Using the data below, transcribe exactly everything from the line that contains "METZGER 4112006 Bremsschlauch" down to the line that contains "Rag And Bone". Include both of those lines and none of the pictures.

DATA EXCERPTS:
========================================================================

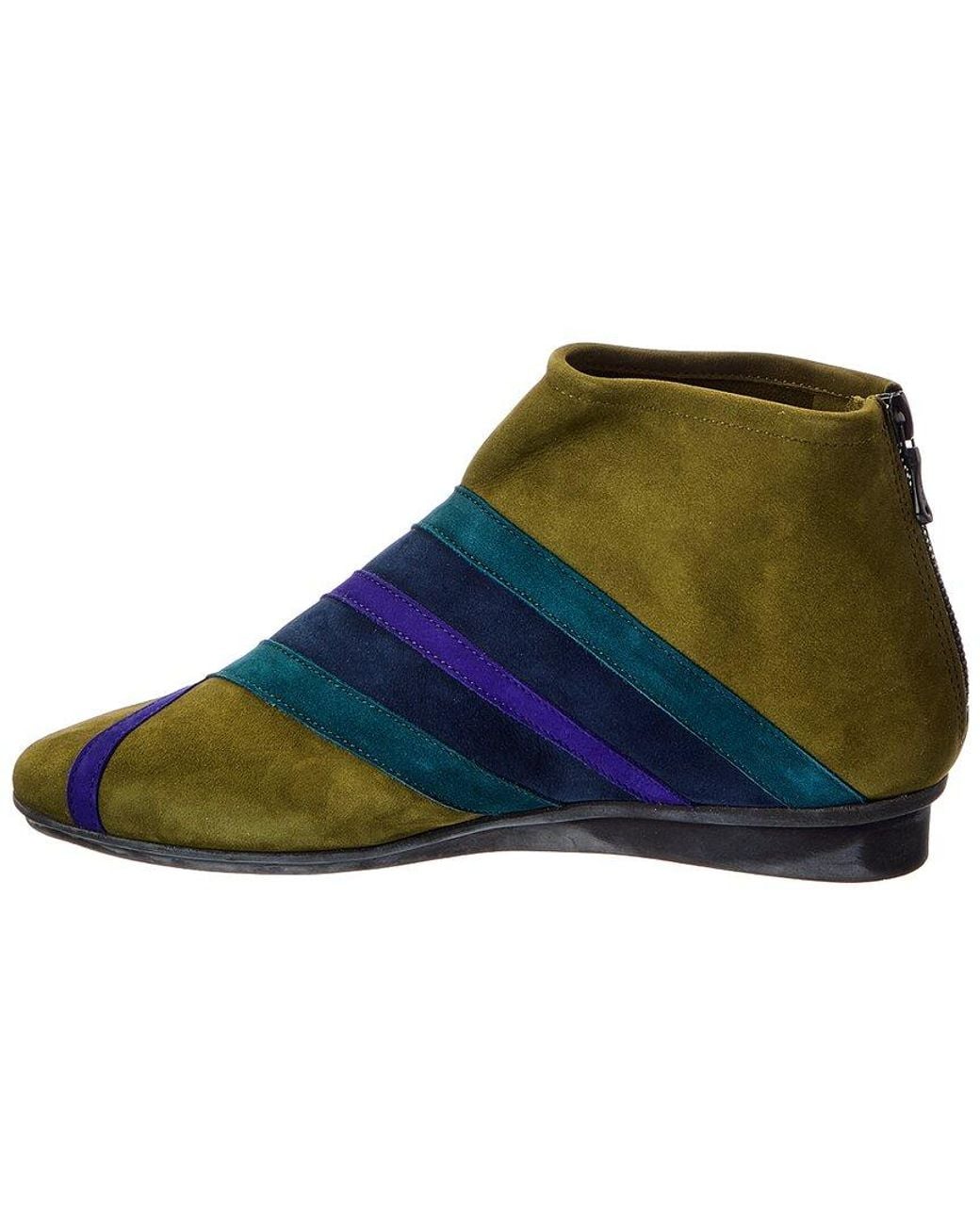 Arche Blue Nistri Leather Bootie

========================================================================

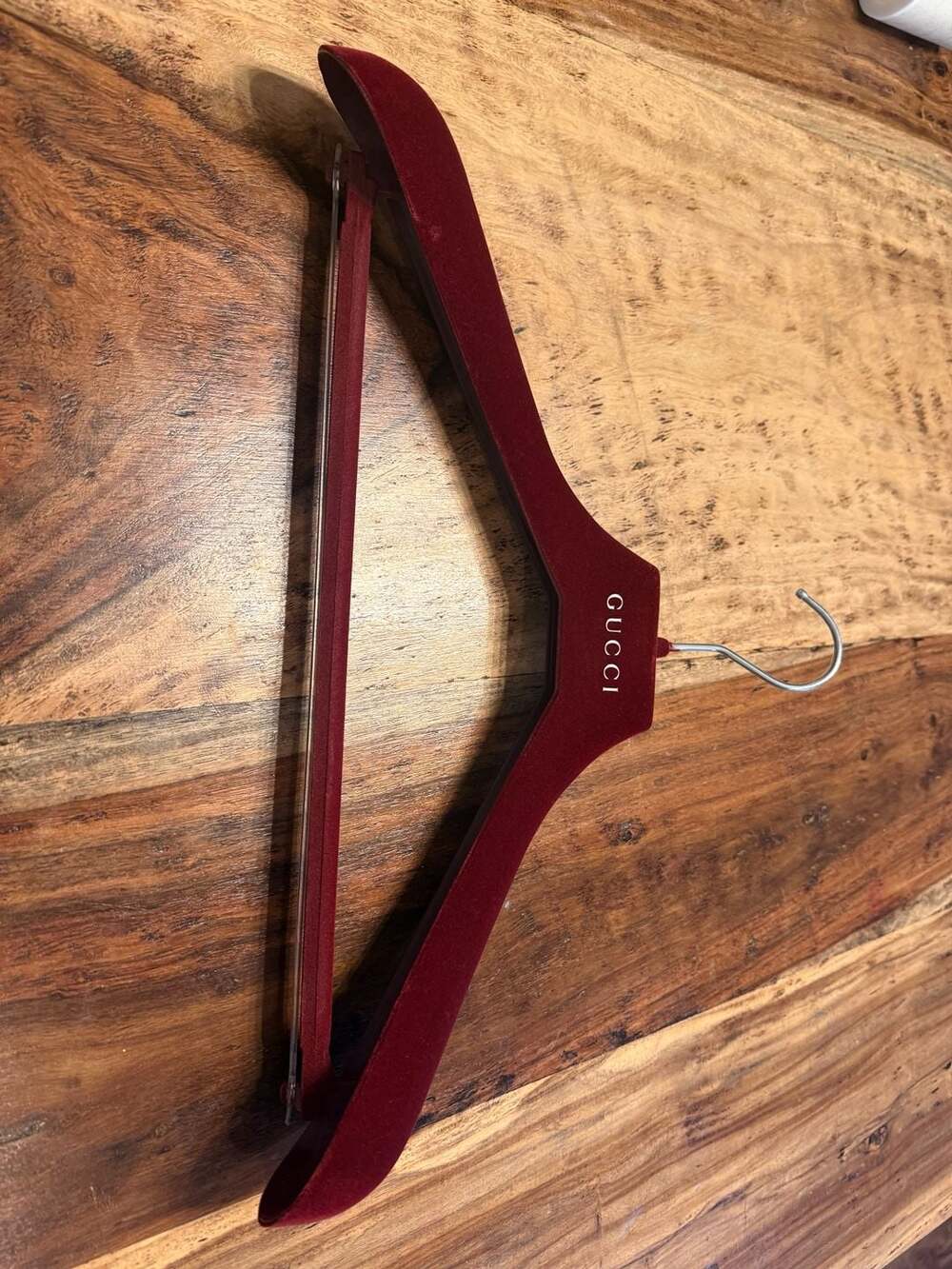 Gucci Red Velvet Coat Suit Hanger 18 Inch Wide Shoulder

========================================================================

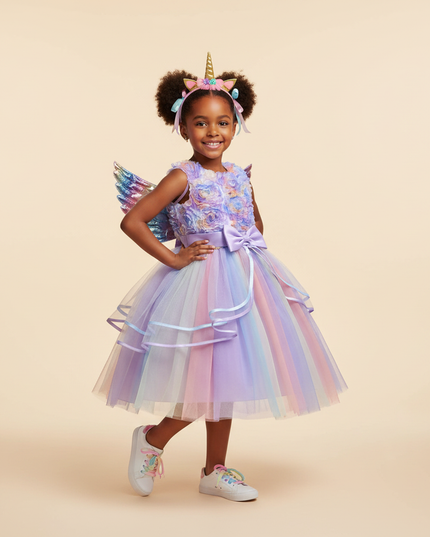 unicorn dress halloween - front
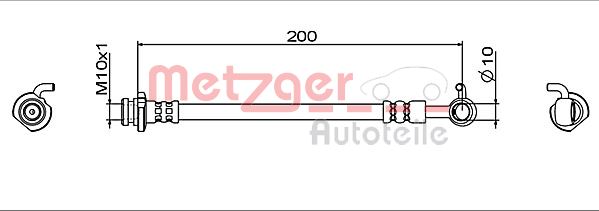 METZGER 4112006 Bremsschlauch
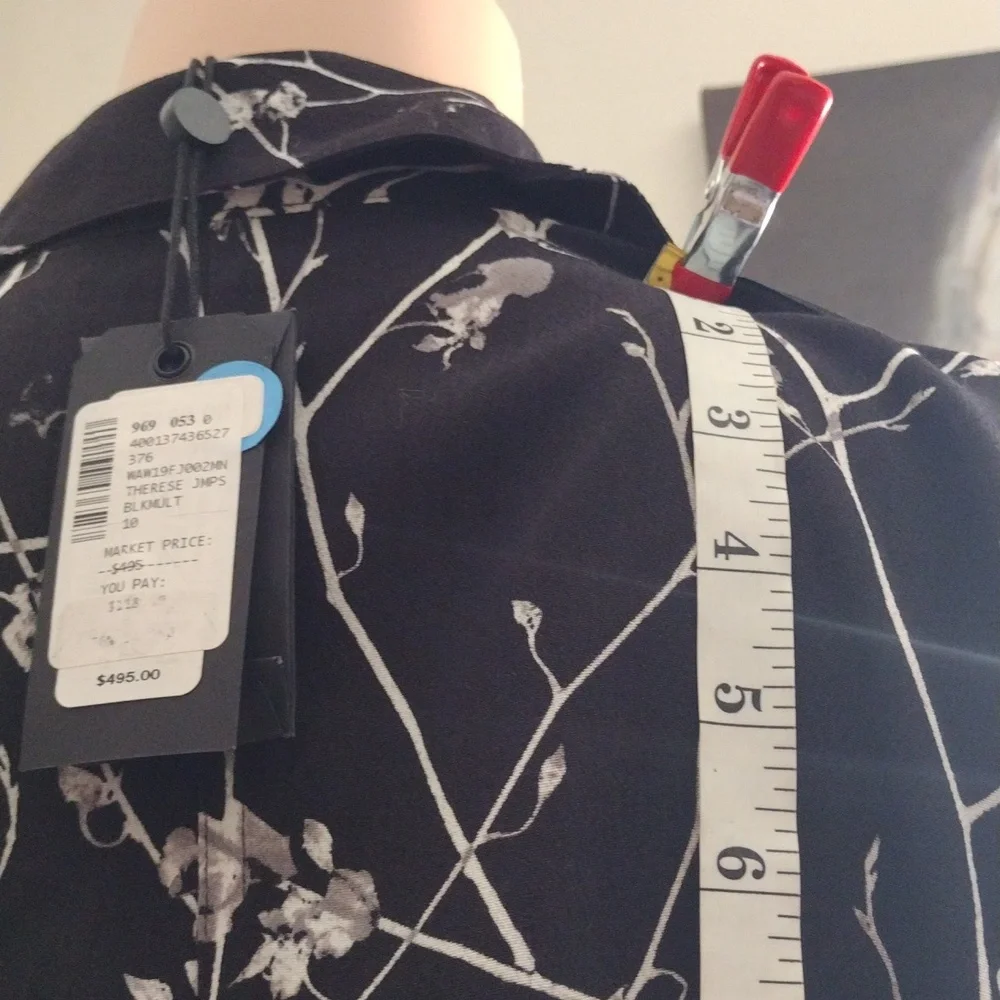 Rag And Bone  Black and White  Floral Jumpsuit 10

========================================================================

RESPONSE BELOW:
 METZGER 4112006 Bremsschlauch
 Rag And Bone  Black and White  Floral Jumpsuit 10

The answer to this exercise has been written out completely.